Why should it implement encode? That's not a very C-like function.

I don't know, is it C++-like? :wink: Seriously, for these reasons:

vector<Real> oo(e.getOutputWidth());
e.encodeIntoArray(42, oo.data());

What's wrong with Real64? It's like saying "double".

I think we have a switch whether Real should be interpreted as Real32/Real64 (float/double), so if the code needs double, OK, otherwise why not leaving the more flexible?

The network API uses floats (Real32). The C++ encoders are just the internals of network API Sensors, refactored out of the Sensor. So the encoders should use floats, right?
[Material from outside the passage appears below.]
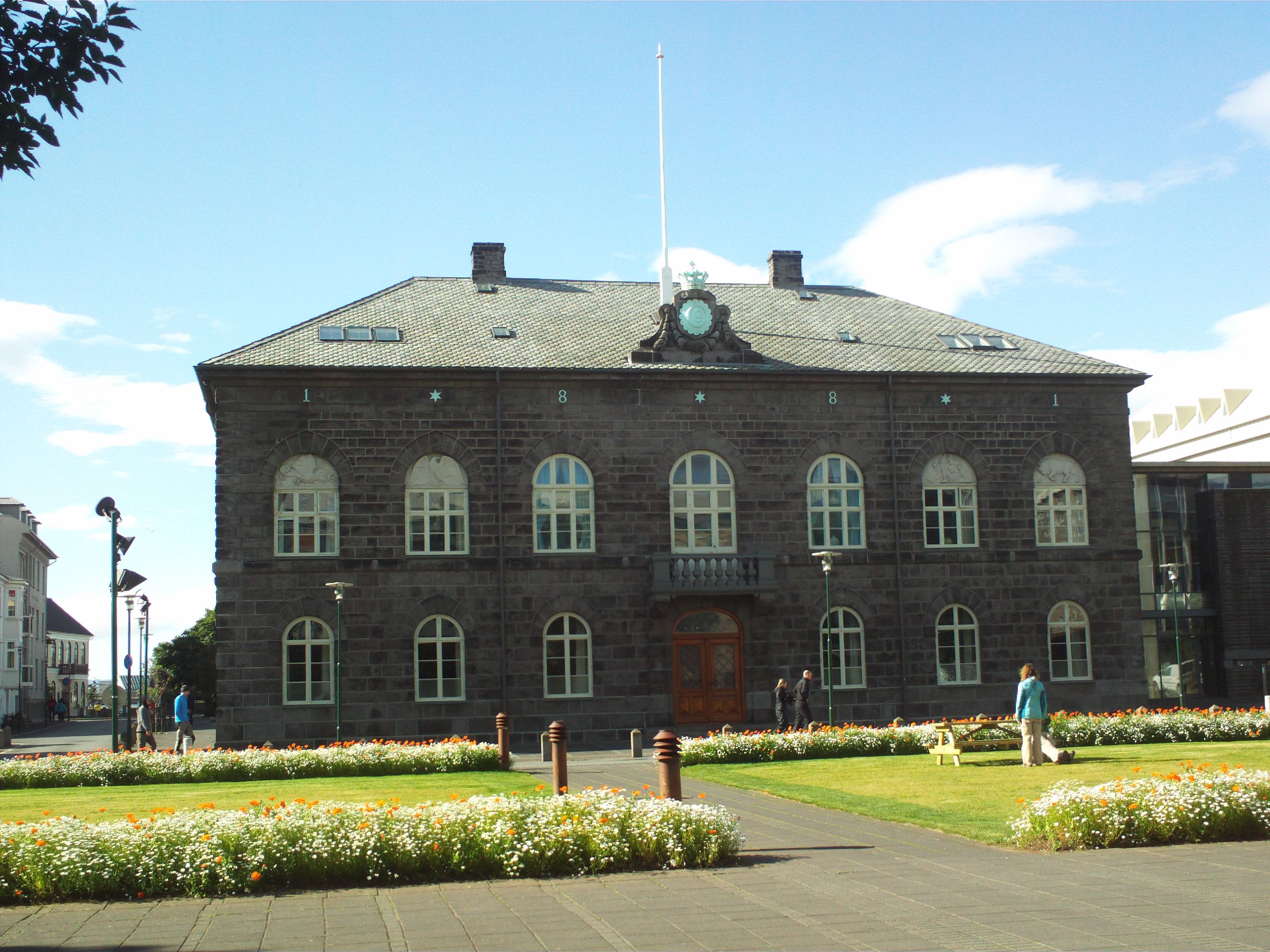 L'Althingi, il Parlamento islandese a Reykjavik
This is one I feel strongly about. And I think we found the cause of different views: "C++ encoders are just the internals of network API" - No. In my POV the hierarchy from more-core to less-core nupic.core is: {{ {Encoders {SP/TP/TM}} Anomaly/Classifier} Regions/Network} Swarming...}

See #948 , maybe the The network API uses floats (Real32) could use UInts/or some flexible SDR representation object?

In either case, SP+TM use UInt[] as I/O, so you can't avoid the Real->UInt change inside those regions, and having Encoder (Real) only helps you in 1 region but forces others to convert when they want to use it directly ( #889 ).
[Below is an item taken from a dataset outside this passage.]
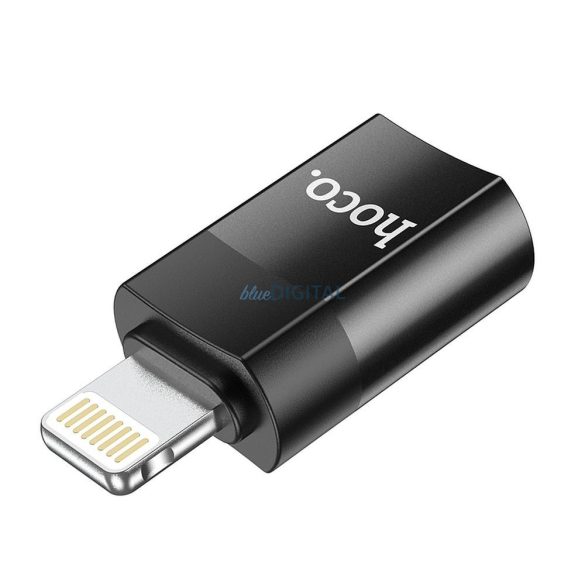 Hoco UA17 Lightning - USB-A adapter - fekete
So far, I agree with: getOutputWidth could return a UInt. Templates might be useful. Though will it make SWIG bindings on the encoders complicated? I haven't really thought this through.

I wouldn't know about the SWIG problems(?), but: other algos in core are templated too, who would use C++-wrappers for encoders? (when there is 1 enc in C++, and ALL in python; encoders are not the performance bottleneck; maybe for other languages?-do we care? )

breznak commented 8 years ago

@mrcslws ping?

rhyolight commented 8 years ago

@breznak @mrcslws I've created subtasks for all these issues. Please continue conversations about them on those issues, not on this super issue. It makes them easier to digest and more topical. Thanks.

breznak commented 8 years ago

:+1: thank you for the work and separating the issues Matt!